S pneumoniae has long been recognized as a primary pathogen of the human respiratory tract. During the past 40 years, clinicians have grown somewhat complacent about the significance of this pathogen, primarily because it has been so easily eradicated with penicillin. The emergence of pneumococcal antibiotic resistance has been slow to arrive, 4 but it has rekindled interest in its significance in respiratory tract disease. We found that S pneumoniae only recently surpassed P aeruginosa as the pathogen responsible for the majority of cases of acute mastoiditis; however, it may have previously played a greater role in the pathogenesis of complicated otitis media than is appreciated.

Five cases of gram-negative pathogens recovered from culture of the middle ear effusion were initially found to have gram-positive cocci in pairs on the gram stain. A sixth case had pneumococcal sepsis before admission with pseudomonal mastoiditis. All of these cases had received antibiotics before middle ear aspiration, which was known to severely reduce the rate of penicillin-sensitive pneumococcus recovery in acute mastoiditis. 7 These observations raise the possibility that gram-positive cocci (ie, pneumococcus) may have played a role in the pathogenesis of these cases.

Whereas pneumococcus is a known middle ear pathogen, gram-negative bacilli, like pseudomonas species, are opportunistic pathogens, causing disease only where host defenses have been violated. 8 This most commonly occurs in the middle ear as a result of cholesteatoma, tympanic membrane perforation, or a tympanostomy tube. However, pneumococcal infection may render the middle ear more susceptible to pseudomonal infection, especially when host responses to the pneumococcal infection are waning (ie, after appropriate antibiotic therapy). 9 , 10 In contrast, the middle ear is significantly less vulnerable to pseudomonas invasion during active pneumococcal infection. 9 , 10 Hence, pseudomonas would be less likely to superinfect cases of mastoiditis that have been caused by antibiotic-resistant pneumococcus.

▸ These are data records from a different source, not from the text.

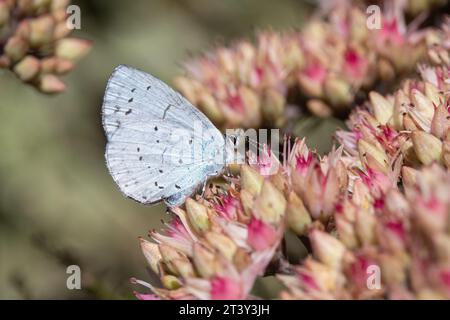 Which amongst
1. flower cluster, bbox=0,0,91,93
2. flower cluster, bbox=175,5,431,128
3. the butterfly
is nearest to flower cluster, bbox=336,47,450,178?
flower cluster, bbox=175,5,431,128

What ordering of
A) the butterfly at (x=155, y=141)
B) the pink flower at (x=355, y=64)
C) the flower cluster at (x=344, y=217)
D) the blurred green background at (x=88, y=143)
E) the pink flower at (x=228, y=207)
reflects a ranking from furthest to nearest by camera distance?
the blurred green background at (x=88, y=143), the pink flower at (x=355, y=64), the butterfly at (x=155, y=141), the pink flower at (x=228, y=207), the flower cluster at (x=344, y=217)

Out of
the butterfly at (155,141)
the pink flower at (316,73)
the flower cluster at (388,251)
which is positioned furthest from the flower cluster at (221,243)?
the pink flower at (316,73)

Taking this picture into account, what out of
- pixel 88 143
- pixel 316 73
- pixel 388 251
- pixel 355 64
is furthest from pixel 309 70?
pixel 88 143

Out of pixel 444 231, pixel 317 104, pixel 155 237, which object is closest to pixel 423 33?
pixel 317 104

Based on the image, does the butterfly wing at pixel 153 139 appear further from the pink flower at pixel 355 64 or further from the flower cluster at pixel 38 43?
the pink flower at pixel 355 64

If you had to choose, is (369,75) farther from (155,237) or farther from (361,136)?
(155,237)

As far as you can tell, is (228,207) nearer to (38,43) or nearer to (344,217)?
(344,217) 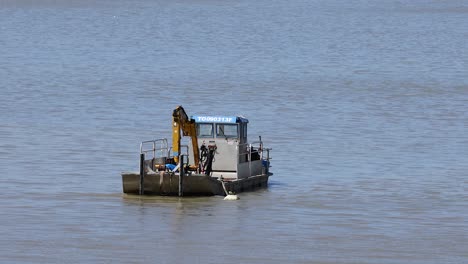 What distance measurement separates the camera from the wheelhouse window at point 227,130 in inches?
1836

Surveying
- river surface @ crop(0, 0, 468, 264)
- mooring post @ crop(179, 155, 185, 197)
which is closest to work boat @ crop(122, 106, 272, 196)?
mooring post @ crop(179, 155, 185, 197)

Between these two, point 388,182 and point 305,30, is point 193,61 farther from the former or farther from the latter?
point 388,182

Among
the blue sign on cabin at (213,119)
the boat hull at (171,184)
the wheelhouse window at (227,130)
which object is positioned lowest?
the boat hull at (171,184)

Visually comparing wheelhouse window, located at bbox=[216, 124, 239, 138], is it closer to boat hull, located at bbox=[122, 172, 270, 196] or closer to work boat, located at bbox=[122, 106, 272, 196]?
work boat, located at bbox=[122, 106, 272, 196]

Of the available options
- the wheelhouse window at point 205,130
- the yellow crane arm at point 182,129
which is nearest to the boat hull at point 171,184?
the yellow crane arm at point 182,129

These postulates may be of more than casual academic interest. If intermediate levels of pneumococcal antibiotic resistance remain more common than high levels of resistance, oral antibiotics can be expected to help limit the severity of pneumococcal middle ear disease. This would likely lead to continued cases of mastoiditis caused secondary pathogens like P aeruginosa. Most cases of acute mastoiditis caused by pathogens have responded well to medical management alone (eg, none of the pseudomonas cases were coalescent). If higher levels of resistance predominate, more severe forms of pneumococcal disease are likely to be seen. These would be less likely to respond to oral or parenteral antibiotic therapy (ie, short of vancomycin), so surgical therapy may be necessary more often in the future.

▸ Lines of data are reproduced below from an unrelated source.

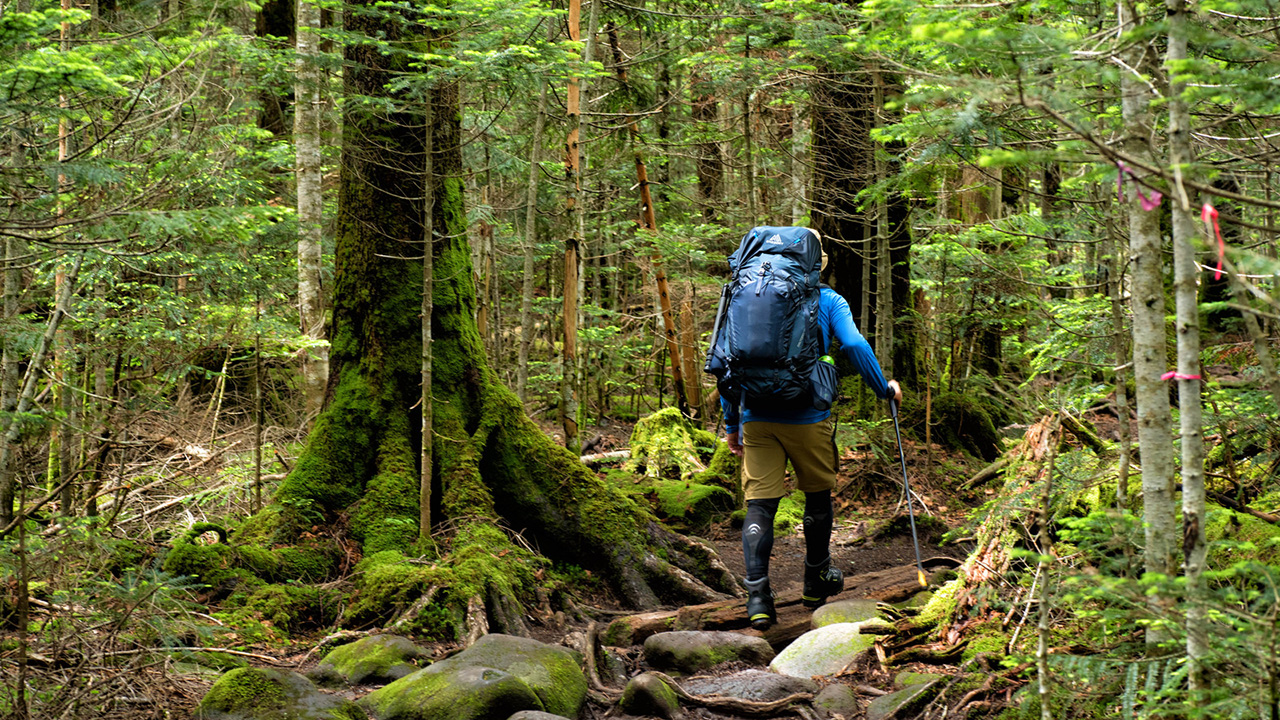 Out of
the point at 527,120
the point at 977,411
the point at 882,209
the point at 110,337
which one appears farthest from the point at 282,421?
the point at 977,411

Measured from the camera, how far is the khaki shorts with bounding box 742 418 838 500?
18.5 feet

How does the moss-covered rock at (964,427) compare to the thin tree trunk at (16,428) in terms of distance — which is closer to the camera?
the thin tree trunk at (16,428)

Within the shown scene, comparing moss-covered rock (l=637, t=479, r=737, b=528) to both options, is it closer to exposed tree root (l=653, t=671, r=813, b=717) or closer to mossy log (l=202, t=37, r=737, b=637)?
mossy log (l=202, t=37, r=737, b=637)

The lower age of our patient population, particularly those with pneumococcal mastoiditis, is also noteworthy. Harley et al 6 have recently reported and ascribed this observation to factors such as daycare attendance. Such young children are the least immunologically prepared to battle highly virulent pathogens. As the issue of antibiotic resistance increases, tympanocentesis for middle ear culture may become more valuable and more frequently used in cases of antibiotic treatment failures, so that treatment may be specifically directed. If vigilance is not maintained for potential, serious complications of acute otitis media, these children will be the most likely to have irreversible consequences.

CONCLUSIONS

The incidence of acute mastoiditis has risen significantly during the past 10 years. This appears to be the result of the emergence of pneumococcal antibiotic resistance. Younger children are at an increased risk for pneumococcal mastoiditis. All clinicians should maintain a high level of suspicion for possible intratemporal and intracranial complications resulting from acute pneumococcal otitis media.

We thank Mr Donald Sterner for assisting us with the medical record search, and Ms Amanda Garrigues for administrative support in the preparation of this manuscript.